Biyaheng Lupa (Armando Lao, 2009)




There is a little-known Serbian comic film titled Who’s Singing Over There? (Slobodan Sijan, 1980) that has a similar premise: a passenger bus, a long journey, a cast of disharmonious travelers who must keep their sufferance. There, too, is the star-crossed destination. The similarities are striking, but they remain on paper. Armando Lao’s Biyaheng Lupa outstrips its antecedent: it's not a simple account of claustrophobic travel, but a poetic, disembodied journey of voices.

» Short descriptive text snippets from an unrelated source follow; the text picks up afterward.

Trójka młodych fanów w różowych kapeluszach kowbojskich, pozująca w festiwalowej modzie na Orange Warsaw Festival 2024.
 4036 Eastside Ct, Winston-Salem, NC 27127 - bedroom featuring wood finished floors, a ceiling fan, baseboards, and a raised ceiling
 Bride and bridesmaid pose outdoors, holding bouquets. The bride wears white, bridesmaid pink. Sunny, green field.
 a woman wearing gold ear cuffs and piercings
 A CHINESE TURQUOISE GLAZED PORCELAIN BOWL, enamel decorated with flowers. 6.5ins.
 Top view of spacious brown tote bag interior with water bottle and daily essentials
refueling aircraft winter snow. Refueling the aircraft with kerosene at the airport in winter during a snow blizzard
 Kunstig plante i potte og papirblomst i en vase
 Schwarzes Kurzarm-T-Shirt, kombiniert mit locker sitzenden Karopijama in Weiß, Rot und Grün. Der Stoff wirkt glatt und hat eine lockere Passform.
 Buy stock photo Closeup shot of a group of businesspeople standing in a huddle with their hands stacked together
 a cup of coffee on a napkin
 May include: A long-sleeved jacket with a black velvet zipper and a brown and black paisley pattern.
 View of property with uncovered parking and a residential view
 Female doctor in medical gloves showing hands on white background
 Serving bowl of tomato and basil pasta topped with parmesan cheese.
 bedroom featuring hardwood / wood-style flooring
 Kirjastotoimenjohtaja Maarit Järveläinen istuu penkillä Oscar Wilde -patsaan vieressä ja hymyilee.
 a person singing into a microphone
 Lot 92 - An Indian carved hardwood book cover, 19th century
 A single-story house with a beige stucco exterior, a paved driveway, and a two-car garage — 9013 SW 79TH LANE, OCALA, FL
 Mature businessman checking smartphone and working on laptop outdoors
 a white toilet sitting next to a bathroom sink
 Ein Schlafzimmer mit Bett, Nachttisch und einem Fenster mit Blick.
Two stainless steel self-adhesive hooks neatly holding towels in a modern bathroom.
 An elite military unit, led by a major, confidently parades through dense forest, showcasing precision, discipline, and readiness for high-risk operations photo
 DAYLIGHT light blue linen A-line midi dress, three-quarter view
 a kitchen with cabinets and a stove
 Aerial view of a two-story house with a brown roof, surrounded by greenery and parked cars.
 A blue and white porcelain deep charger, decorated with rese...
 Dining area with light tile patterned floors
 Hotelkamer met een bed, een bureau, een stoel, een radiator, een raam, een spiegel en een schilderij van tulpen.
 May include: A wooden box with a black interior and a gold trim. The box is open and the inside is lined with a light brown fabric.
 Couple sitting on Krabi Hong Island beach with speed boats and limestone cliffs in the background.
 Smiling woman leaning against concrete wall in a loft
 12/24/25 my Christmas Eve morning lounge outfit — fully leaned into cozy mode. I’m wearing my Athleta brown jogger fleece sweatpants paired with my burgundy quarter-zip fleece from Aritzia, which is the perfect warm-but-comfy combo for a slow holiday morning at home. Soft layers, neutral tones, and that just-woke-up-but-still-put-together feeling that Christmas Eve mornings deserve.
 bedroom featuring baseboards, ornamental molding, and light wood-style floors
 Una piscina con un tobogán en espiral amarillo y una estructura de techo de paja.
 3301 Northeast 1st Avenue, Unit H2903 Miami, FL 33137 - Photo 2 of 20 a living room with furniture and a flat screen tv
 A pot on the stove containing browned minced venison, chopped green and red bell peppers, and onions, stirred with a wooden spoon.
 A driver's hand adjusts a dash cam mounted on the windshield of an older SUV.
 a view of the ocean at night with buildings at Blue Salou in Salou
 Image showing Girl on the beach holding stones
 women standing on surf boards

Biyaheng Lupa is not so much a road movie, a journey to appointed places, as it is a trip into inner landscapes. Mouths barely open. Like telepaths, we hear the passengers think and feel inwardly, all their psychic activity audible on the soundtrack – making us privy to dramatic irony. Regrets, suspicions, disdains, fears, hopes, paranoias, desires, prejudices, the whote gamut: all feelings and senses oscillate in a steady stream-of-consciousness on this eventful bus ride. Travel has never been a more introspective activity. We don't get the impression of noise: the disembodied voices are devoid of ambient noise.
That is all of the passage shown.